Por Dâmares Vaz, com informações do Diap
Edição: Nilza Murari
Depois do adiamento da definição do relator da Medida Provisória – MP 808/2017 na Comissão Mista, mais um fato demonstra que a matéria tende a se liquefazer. Eleito presidente do colegiado por um acordo partidário, o senador Gladson Cameli (PP/AC) renunciou ao cargo nesta quinta-feira, 15 de março. De acordo com uma análise do Departamento Intersindical de Assessoria Parlamentar – Diap, não há interesse da base aliada e do mercado em votar a proposta que altera a Lei 13.467/2017, a “reforma trabalhista”.
O órgão de assessoria parlamentar registra que o governo demorou muito tempo para editar a MP, sob alegação de que não poderia fazê-lo sem que a lei da “reforma trabalhista” entrasse em vigor, o que só ocorreu na primeira quinzena de novembro de 2017. “Mas a partir da edição da MP, constatou-se o primeiro problema. O governo não consignou no texto a questão do financiamento sindical, já que tinha abolido na Lei 13.467 a contribuição anual compulsória”, informa o Diap.

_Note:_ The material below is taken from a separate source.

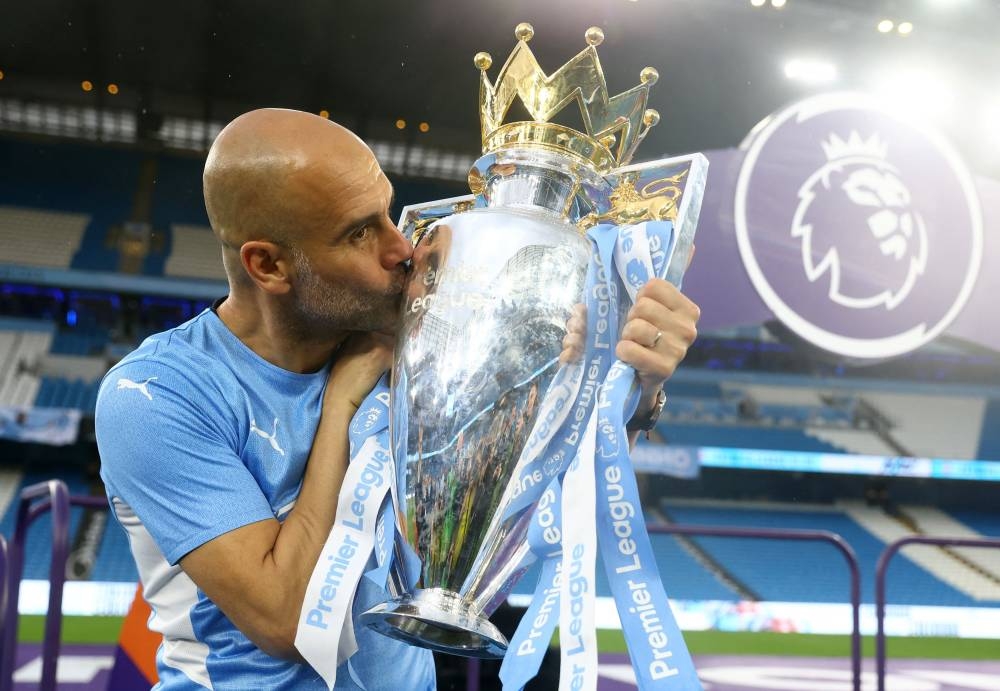 Manchester City manager Pep Guardiola celebrates with the trophy after winning the Premier League at the Etihad Stadium, Manchester May 22, 2022. — Reuters pic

Para o departamento, mais um problema surgiu com a demora na instalação da Comissão Mista, destinada a analisar a MP antes do seu envio aos plenários da Câmara dos Deputados e do Senado Federal. O Congresso Nacional veio a instituir o colegiado mais de dois meses depois de editada a medida, com a proposta prorrogada pelo presidente do Senado e Congresso, senador Eunício Oliveira (MDB/CE).
Impasse
O impasse em torno da relatoria da MP se dá em razão de disputas na Comissão Mista quanto ao parlamentar que assumirá a tarefa. “O mercado, o governo e a base de apoio na Câmara dos Deputados querem que o deputado Rogério Marinho (PSDB/RN), relator do projeto da Lei 13.467 no ano passado, seja o responsável pela análise das quase mil emendas oferecidas à MP”, explica a assessoria parlamentar.
Mas o deputado Paulo Pereira da Silva (SD/SP) indicou o deputado Bebeto (PSB/BA) para o cargo. O líder do governo no Senado, Romero Jucá (MDB/RR), também tem pretensões de indicar o relator, embora não conte com apoio do Executivo.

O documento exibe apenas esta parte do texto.